Data listing:

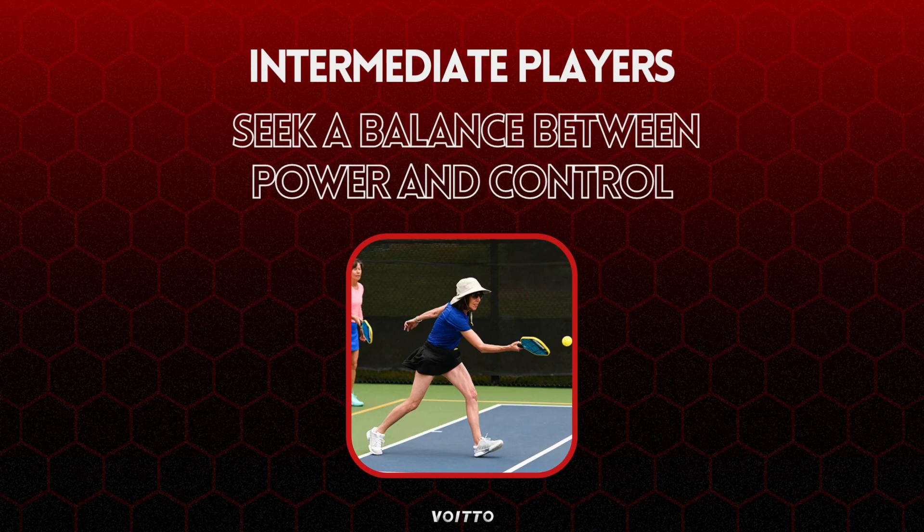Intermediate players may seek a balance between power and control, depending on their playing style and skill level. Consider a slightly heavier paddle to gain additional power without sacrificing too much control, which allows for more versatility in shot selection.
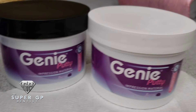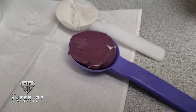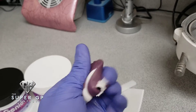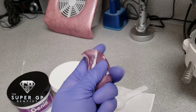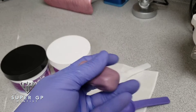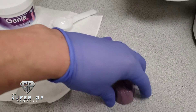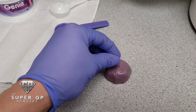The material I use to create the custom impression coping is Genie putty. It's a fast-set PVS material with a one-to-one mixture. Here you can see me mixing it with one hand — you want to make sure you get a good consistency and that all the colors blend together. I create a little block, actually a small cube, so I can fit the temporary with the lab analog attached to it.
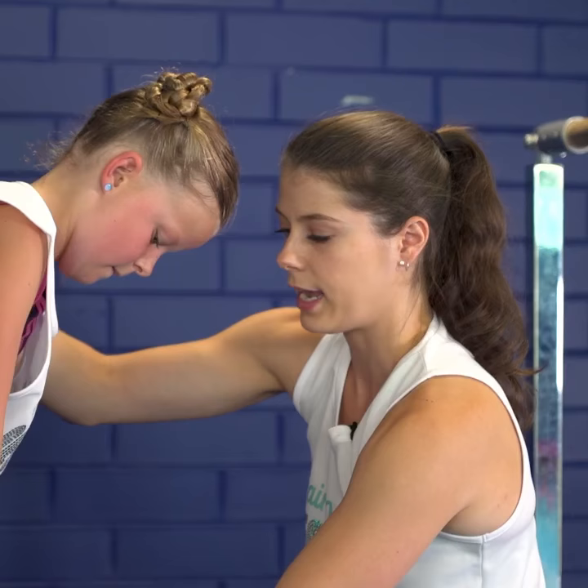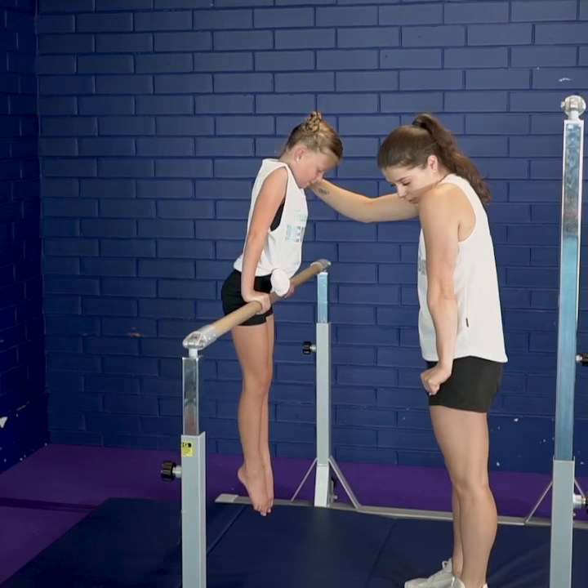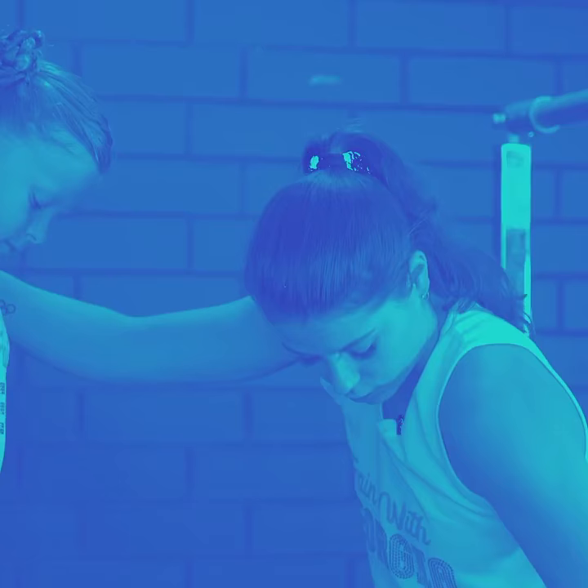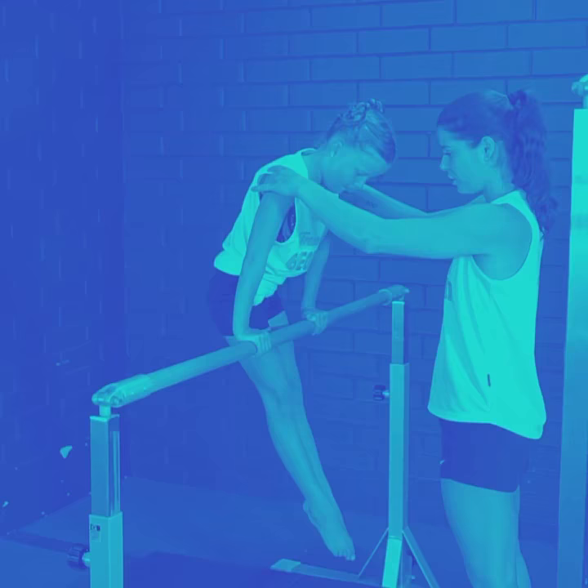Push all the way up so the bar comes nice and low down here, okay, and relax. Come back down to front support. Good. So what Millie's doing is she's pushing down into the bar and the bar's lowering on her legs and she's getting the feeling of straight elbows and pushing down on the bar.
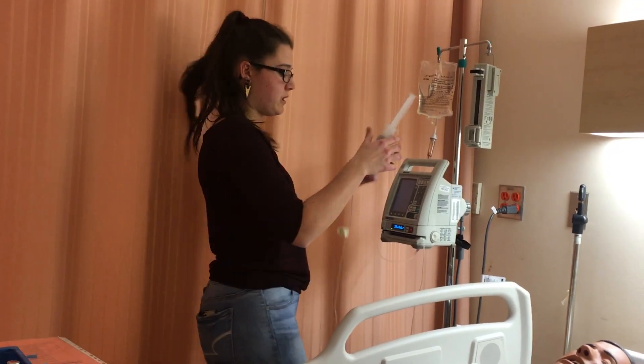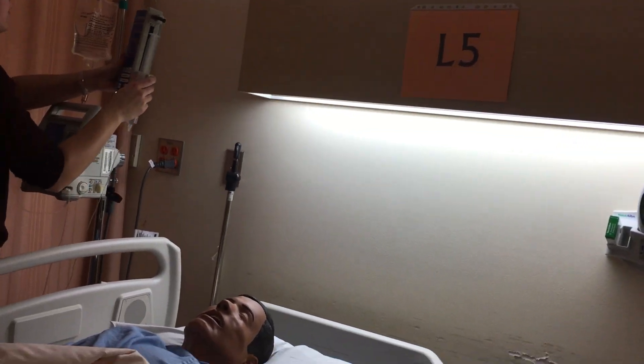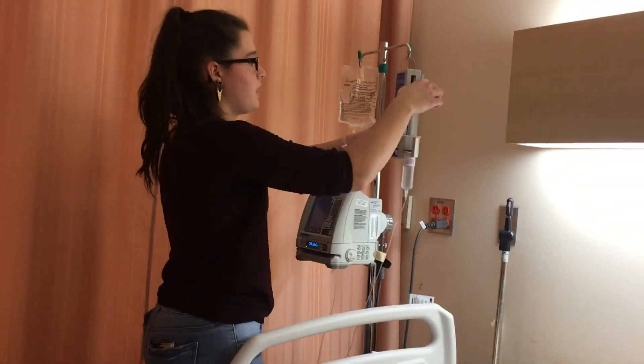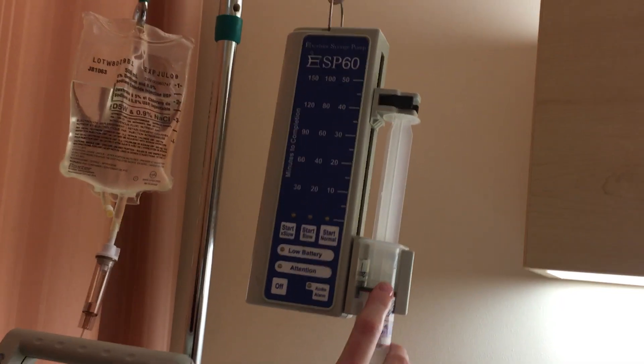All the clamps are open and I can attach my syringe — it's on there properly. I'll lower the clamp for my line and press start. I'll see three little blinks confirming it's running. That's perfect.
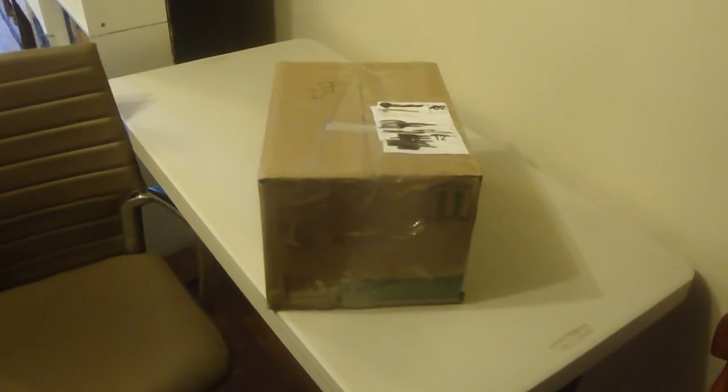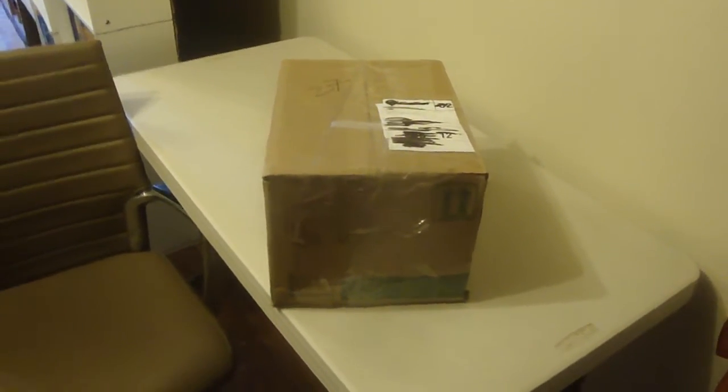I didn't expect to have a big box, but it should be Star Trek. Let's open it up. It's gonna be like this. From now on, one thing per month.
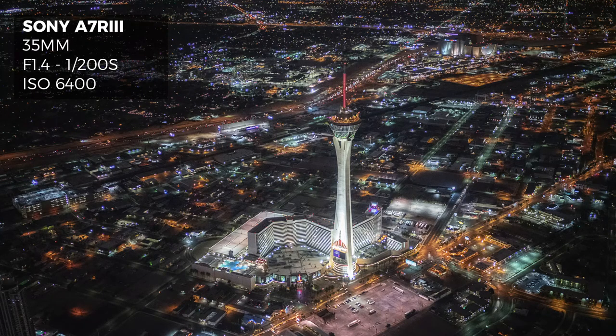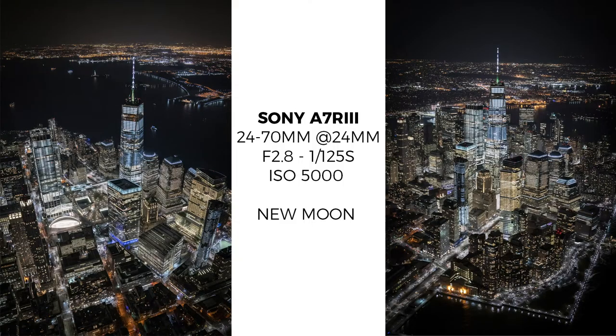One thing to keep in mind is how dark some locations are. You might think Vegas is really bright, and yes it is in the center, but all the surrounding areas won't have ambient light because it's essentially surrounded by mountains — it's really dark out there. Also take into consideration the moon phase. If you're flying during a full moon you get beautiful light, but during a new moon everything will be pitch black.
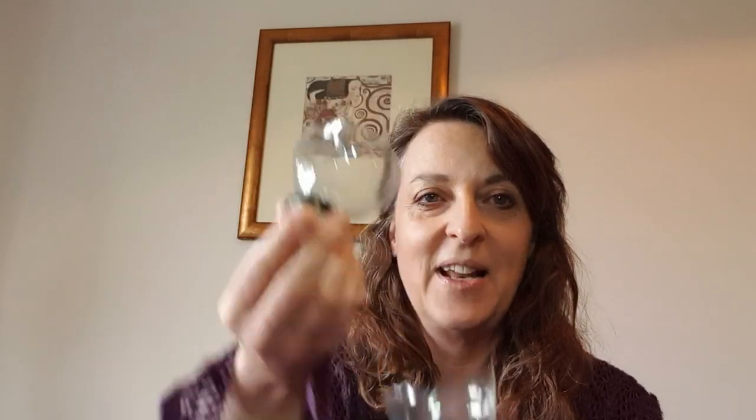It's really easy and it doesn't cost you anything at all. So you take an old plastic bottle and you cut off the top like this, so that you have just a little piece of plastic. Then you just want to get a balloon and put it through the end with an elastic band.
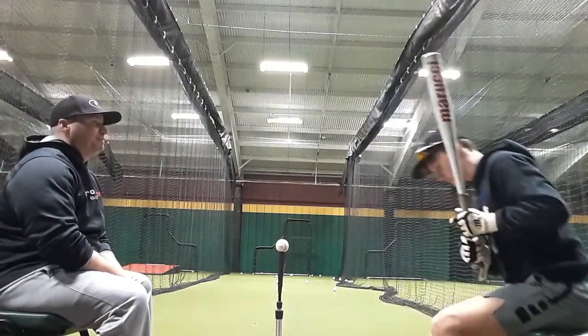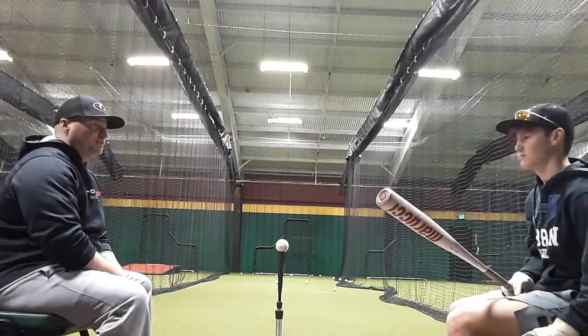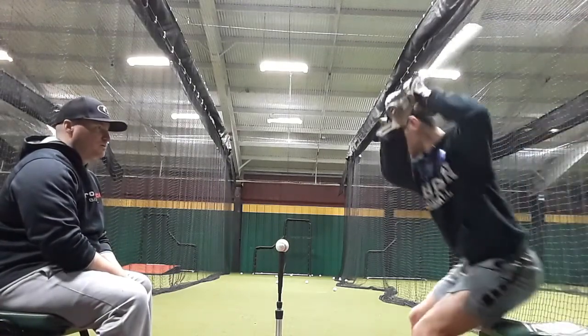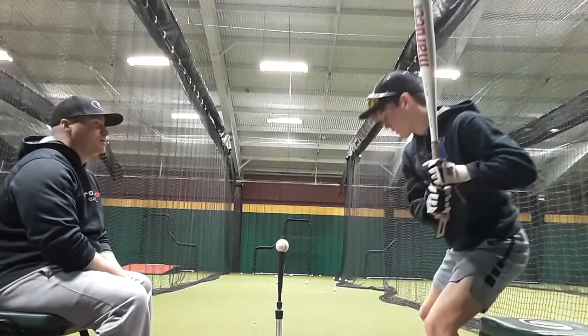Yeah, that's a lot better. That's a lot. Do you see the difference in your load there? Yeah, but we're gonna swing. Okay.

Work task: Restate word for word the lines that begin at the one containing "I didn't expect" and end with the final line of the records. Pictures stay out.

Expected output:
I didn't expect to have a big box, but it should be Star Trek. Let's open it up. It's gonna be like this. From now on, one thing per month.
One thing to keep in mind is how dark some locations are. You might think Vegas is really bright, and yes it is in the center, but all the surrounding areas won't have ambient light because it's essentially surrounded by mountains — it's really dark out there. Also take into consideration the moon phase. If you're flying during a full moon you get beautiful light, but during a new moon everything will be pitch black.
It's really easy and it doesn't cost you anything at all. So you take an old plastic bottle and you cut off the top like this, so that you have just a little piece of plastic. Then you just want to get a balloon and put it through the end with an elastic band.
Yeah, that's a lot better. That's a lot. Do you see the difference in your load there? Yeah, but we're gonna swing. Okay.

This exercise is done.